Exercise: All of the data goes into your copy exactly as written. Images do not.

Data extract:

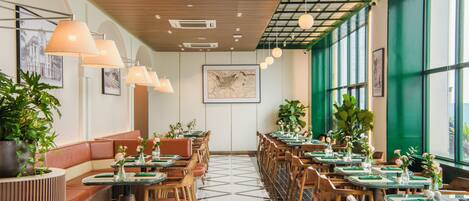 Un interior de restaurante con mesas altas, sillas y un amplio ventanal.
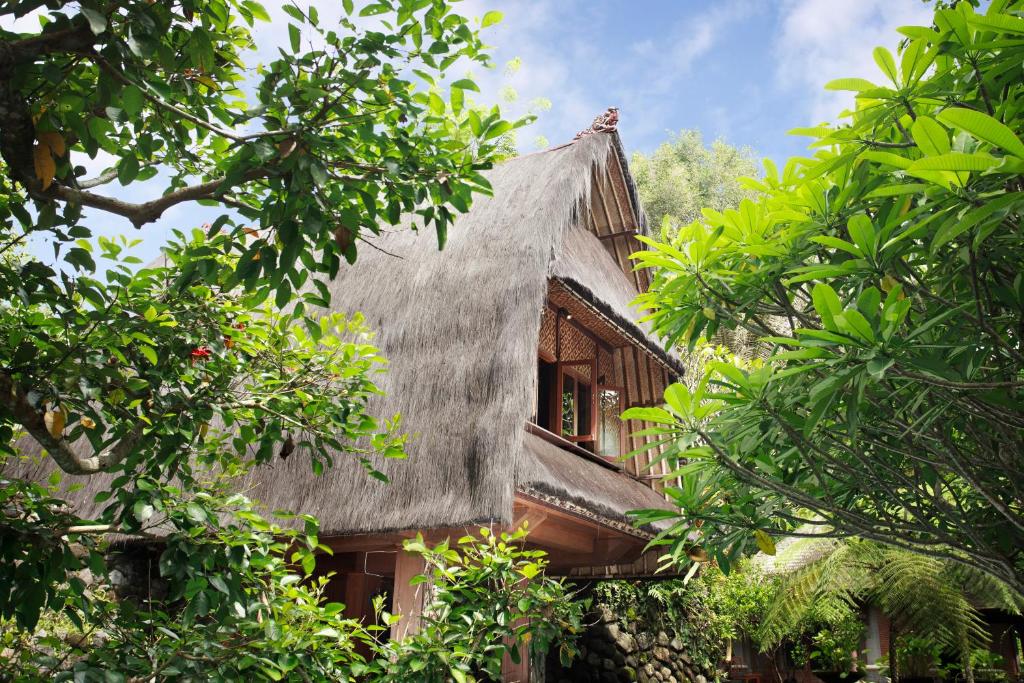 uma casa antiga com telhado de palha e árvores em Omah Pakem em Pakem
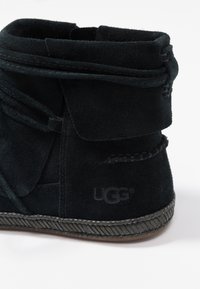 Černé semišové kotníkové boty s překládaným designem, prošitými detaily a gumovou podšívkou se strukturovaným okrajem. Logo UGG na boku.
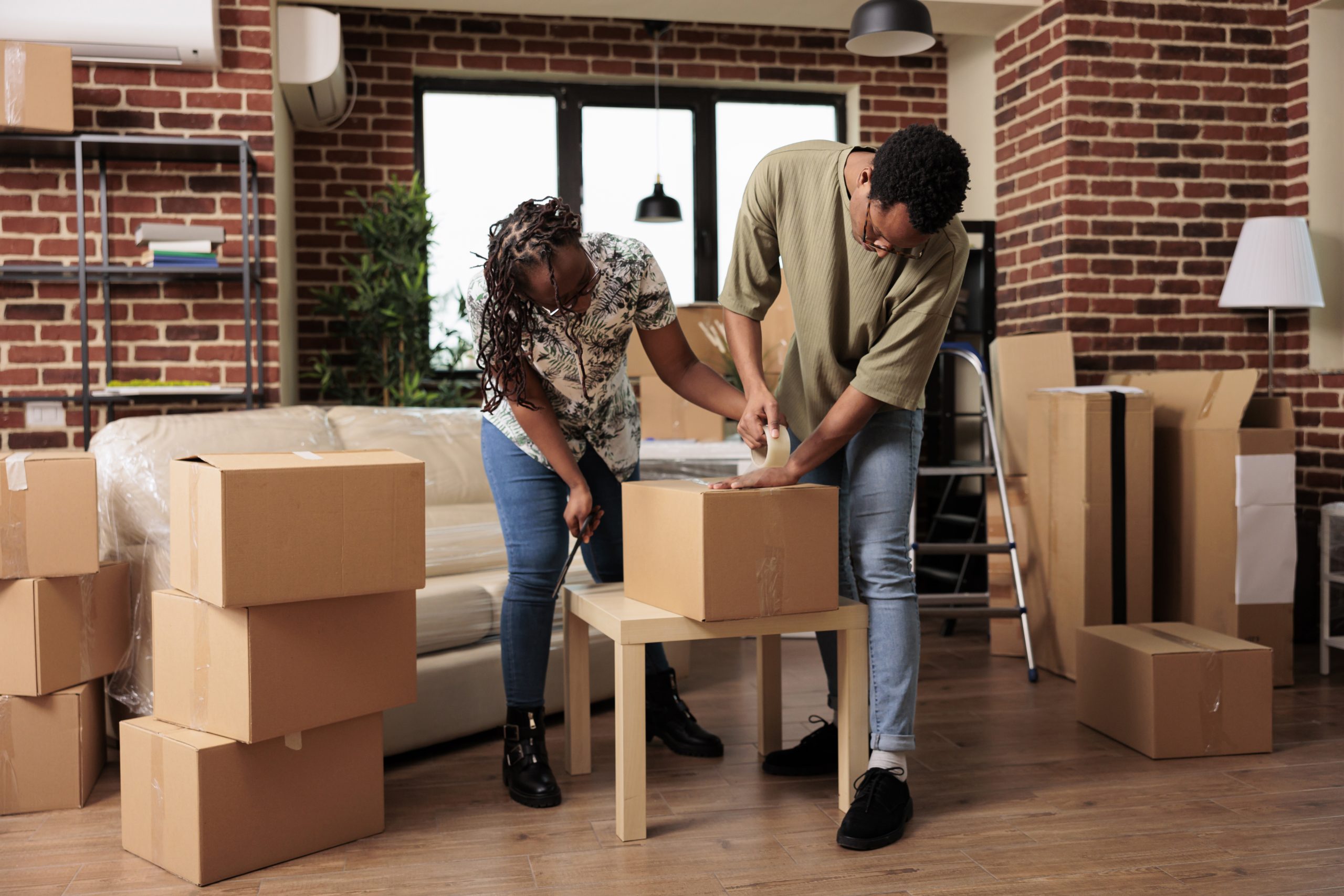 Home buyers unpacking boxes
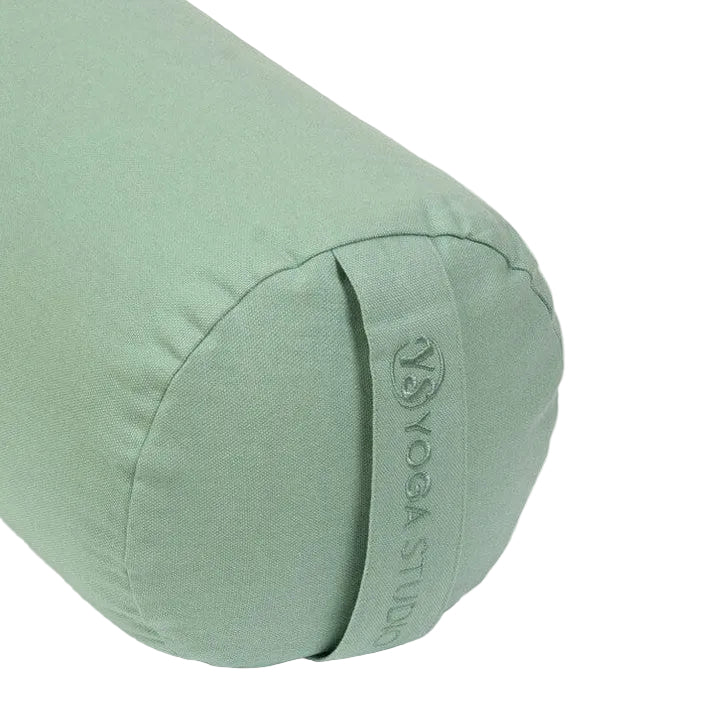 Green yoga bolster with 'Yoga Studio' branding on a light gray background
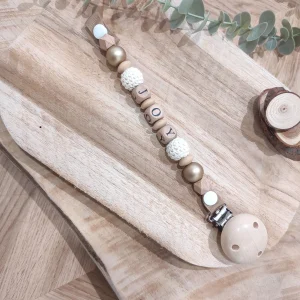 Attache tétine doré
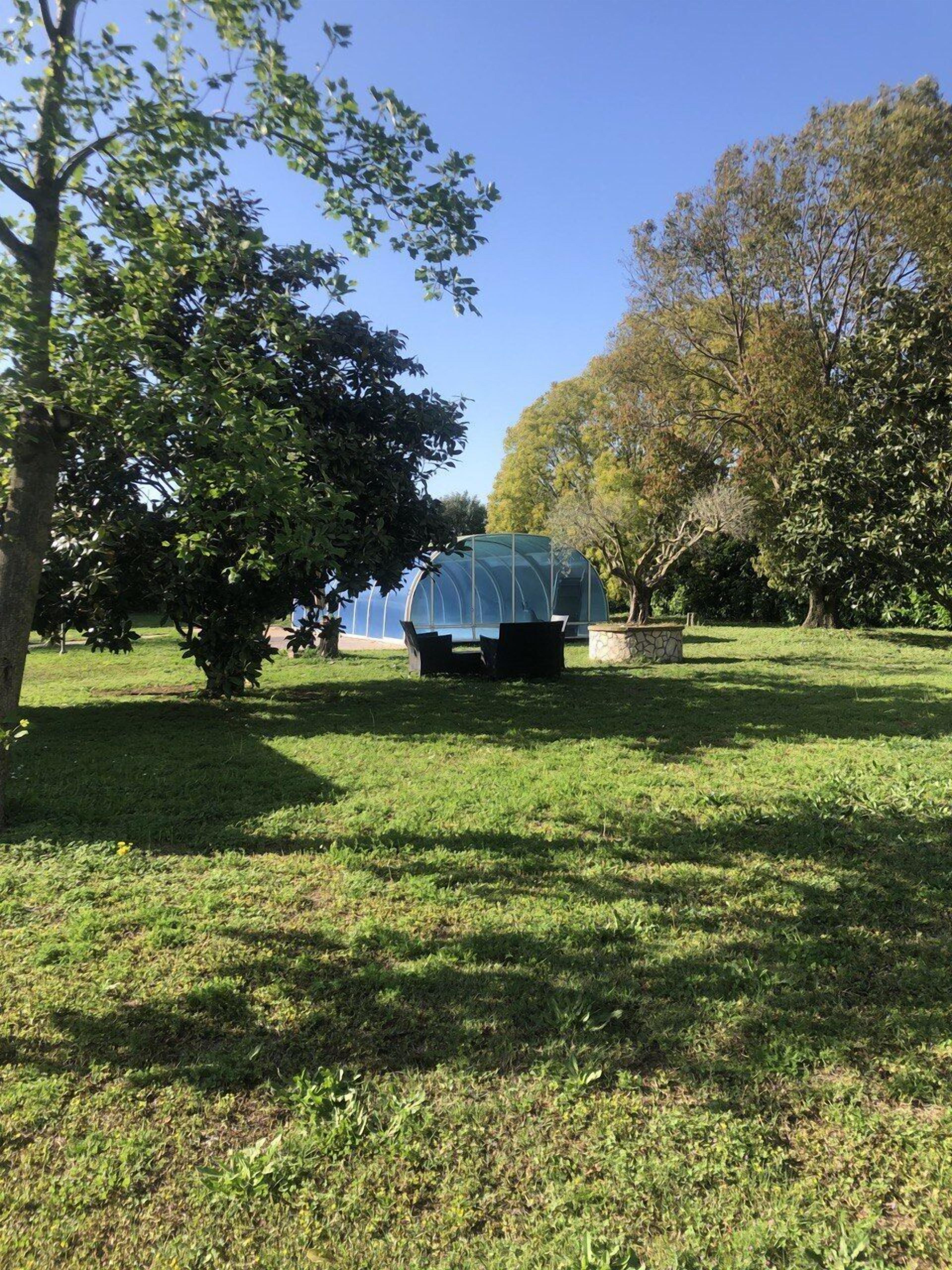 A greenhouse structure in a park with grass and trees around.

Task result:
 Un interior de restaurante con mesas altas, sillas y un amplio ventanal.
 uma casa antiga com telhado de palha e árvores em Omah Pakem em Pakem
 Černé semišové kotníkové boty s překládaným designem, prošitými detaily a gumovou podšívkou se strukturovaným okrajem. Logo UGG na boku.
 Home buyers unpacking boxes
 Green yoga bolster with 'Yoga Studio' branding on a light gray background
 Attache tétine doré
 A greenhouse structure in a park with grass and trees around.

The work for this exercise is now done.